The origin of rugose (wrinkled) colony morphology of Salmonella Typhimurium, which is formed only at stationary phase, low temperature, and under low osmolarity, is attributed to the production of an extracellular matrix and is associated with biofilm and pellicle formation, likely for survival strategies. The regulator CsgD is required for the synthesis of both matrix components: curli, encoded by the csgBAC operon, and cellulose, encoded by the bcs operon. Transcription of csgD, in turn, depends upon a number of transcriptional regulators such as SigmaS, OmpR and HNS.

Using random mutagenesis, two groups of mutants with altered rugose phenotype were identified. The two mutations in the first group caused retardation of rugosity and altered waaG and ddhC, which are required for synthesis of the core and O antigen of lipopolysaccharide synthesis, respectively. Both mutants exhibited lack of motility, decreased levels of curli, and, especially in the waaG mutant, increased cellulose production. In media containing high osmolarity, both mutants produced more biofilms. Non-polar gene knockout and complementation performed on the waaG further confirmed these phenotypes in this transposon mutant. Thus, alteration in the LPS seemed to influence both curli and cellulose in opposing manners, and appeared to direct cells toward alternative pathways to produce biofilm matrix.

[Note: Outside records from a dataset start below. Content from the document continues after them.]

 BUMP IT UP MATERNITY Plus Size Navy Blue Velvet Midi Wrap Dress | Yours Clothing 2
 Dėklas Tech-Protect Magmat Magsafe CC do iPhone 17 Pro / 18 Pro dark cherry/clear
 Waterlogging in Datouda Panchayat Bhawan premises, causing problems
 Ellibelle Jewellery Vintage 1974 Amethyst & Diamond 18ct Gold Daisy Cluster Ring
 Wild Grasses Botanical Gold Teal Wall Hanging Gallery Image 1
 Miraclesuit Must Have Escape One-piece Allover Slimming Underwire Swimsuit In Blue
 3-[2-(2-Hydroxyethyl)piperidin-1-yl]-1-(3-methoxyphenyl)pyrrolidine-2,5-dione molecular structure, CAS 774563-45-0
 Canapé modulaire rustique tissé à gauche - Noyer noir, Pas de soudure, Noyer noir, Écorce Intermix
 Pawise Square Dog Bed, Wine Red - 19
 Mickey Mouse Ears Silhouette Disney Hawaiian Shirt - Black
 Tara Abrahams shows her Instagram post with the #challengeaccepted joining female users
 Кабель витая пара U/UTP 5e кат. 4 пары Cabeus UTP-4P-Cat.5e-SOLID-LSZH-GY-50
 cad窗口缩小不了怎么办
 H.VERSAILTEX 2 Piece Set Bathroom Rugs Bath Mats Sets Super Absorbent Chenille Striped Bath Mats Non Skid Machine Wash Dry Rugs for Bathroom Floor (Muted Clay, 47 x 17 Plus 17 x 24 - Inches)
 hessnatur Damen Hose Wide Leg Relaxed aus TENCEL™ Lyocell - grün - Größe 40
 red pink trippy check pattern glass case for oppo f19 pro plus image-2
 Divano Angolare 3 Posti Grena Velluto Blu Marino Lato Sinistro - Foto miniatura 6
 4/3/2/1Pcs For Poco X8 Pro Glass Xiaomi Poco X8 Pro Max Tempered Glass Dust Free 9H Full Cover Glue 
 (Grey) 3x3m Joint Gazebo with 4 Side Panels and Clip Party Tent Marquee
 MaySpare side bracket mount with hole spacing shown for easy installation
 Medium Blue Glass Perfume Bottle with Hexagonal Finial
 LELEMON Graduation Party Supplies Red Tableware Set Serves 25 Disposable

The regulatory mutation in the second group affected hfq, and produced only minimal amounts of cellulose and curli protein. This phenotype was confirmed in an hfq deletion mutant. Transcriptional fusion between the csgB or csgD promoter and lacZ showed a drastic reduction in activity of both promoters in an hfq mutant compared to that in the wt. These were surprising results given the known function of Hfq as a post-transcriptional regulator, including in the regulation of SigmaS-encoding gene rpoS. However, when the promoter activity was measured in an rpoS hns background, where transcription continues under Sigma70, significant reduction was still shown in the hfq mutant. Deletion of the gene that codes for DsrA, a sRNA which, together with Hfq, is required for translation of rpoS at low temperatures, had minimal effect in both promoters. These results indicate that Hfq may regulate both promoters independent of SigmaS.